Ms Brailey: Or misleading. They know about this. When I talk behind the scenes they all agree they know.
Senator WILLIAMS: Who is ‘they’?
Ms Brailey: Whether I am talking to ASIC commissioners or the Ombudsman, these people know what I am talking about.
Brailey runs the Banking and Finance Consumers Association, and her warnings cannot be dismissed. She has first-hand experience dealing with hundreds of victims of dodgy lenders and is right to sound the alarm. Continued low interest rates, upward-spiralling residential property prices propped up by self-managed super funds, and deteriorating lending standards are all adding fuel — and with that comes the risk of fire.
In May CHOICE warned against risky lending practices, with banks extending 40-year loans worth a terrifying 120% of the value of the property — so the borrower starts off with negative equity. Yes, it is tough for young borrowers to get into our inflated property market, but this sort of lending cannot end well. Better to fix the underlying problems in the housing market — like negative gearing, which undermines government revenue, entrenches advantage and pushes up prices artificially — than shovel young borrowers into a lifetime debt trap.
Yet we learned in this must-read piece a fortnight ago that the big banks are resisting the Australian Prudential Regulation Authority’s move to toughen up lending standards through its draft prudential practice guide for residential mortgages, which includes a bunch of good advice on how a borrower’s income is verified (especially when self-employed), proper use of interest rate buffers, how living expenses are estimated for the purpose of loan serviceability requirements, limitations on the use of lending policy overrides, and oversight of applications from third-party loan originators like mortgage brokers. For example: “a sound oversight process … would include ensuring that all material facts are contained within the application and that the borrower is not asked to sign incomplete application forms for later completion by the third party”. You don’t say!
APRA says loan to value ratios over 90% are associated with increased risk of loss; the guide warns against use of desktop or automated property valuations and states the bleeding obvious: “… attempts by an [authorised deposit-taking institution] or third-party lending staff to pressure valuers to over-value properties are an indicator of poor practice and improper behaviour”. The guide also calls for tougher stress-testing of loan portfolios, and recommends that mortgage brokers who originate bad loans should have their commissions stopped or wound back.
Conflicted mortgage brokers — paid with exactly the same up-front and trailing commissions that have been the long-running, underlying cause of a string of mis-selling scandals by financial planners over the past decade — have a direct financial incentive to maximise the volume of loans they originate. Now, five years after the GFC, with property markets booming and interest rates irresistibly low, the non-bank lenders are returning to the market. A sign came in July, with Mark Bouris’ Yellow Brick Road bulking up to take on the big banks, bidding $36 million for RESI Mortgage.
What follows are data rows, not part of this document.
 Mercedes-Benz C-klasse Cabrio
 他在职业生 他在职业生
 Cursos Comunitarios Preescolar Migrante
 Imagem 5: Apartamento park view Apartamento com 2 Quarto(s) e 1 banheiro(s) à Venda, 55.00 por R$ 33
The Australian Bankers’ Association say APRA is being too prescriptive. They are wrong. We will have missed the lesson of the GFC if we just pat ourselves on the back. Loan standards must not be a casualty of a welcome renewal of competition. Already glowing from their wind-back of the previous government’s Future of Financial Advice reforms, the big banks chasing growth at all costs must be saved from themselves.